What the task asks – In the listing that follows, the lines starting at the one containing "Mighty Micks Boxing Gym by starryeuchar" and ending at the one containing "Barbie Girl Friends Pink Kids T-shirt" are to be returned exactly, both boundary lines included, and no others.

[The input — start]

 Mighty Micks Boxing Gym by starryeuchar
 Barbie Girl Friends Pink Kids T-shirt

[The input — finish]
[The input — start]

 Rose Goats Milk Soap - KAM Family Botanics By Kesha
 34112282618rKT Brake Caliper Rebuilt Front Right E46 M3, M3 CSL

[The input — finish]
[The input — start]

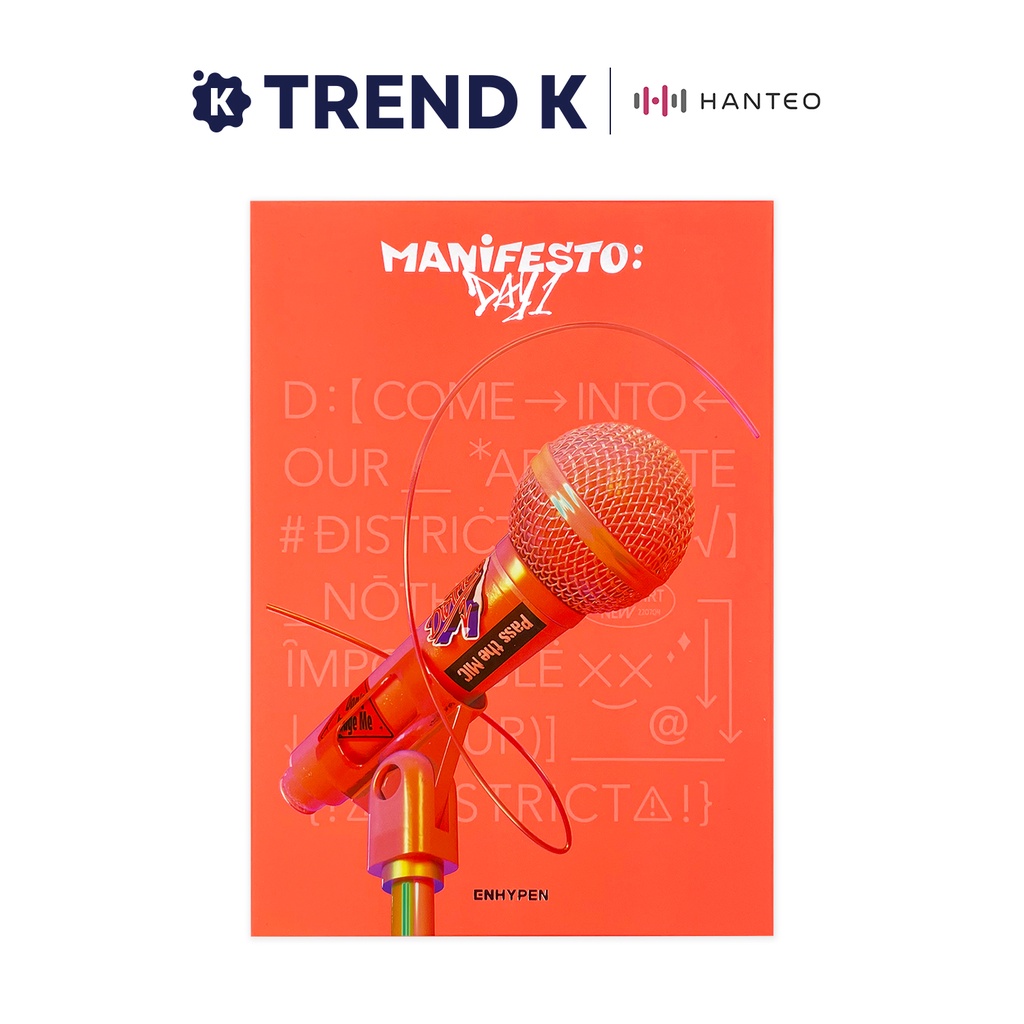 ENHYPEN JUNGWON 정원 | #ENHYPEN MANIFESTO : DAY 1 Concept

[The input — finish]

Reply –
 Mighty Micks Boxing Gym by starryeuchar
 Barbie Girl Friends Pink Kids T-shirt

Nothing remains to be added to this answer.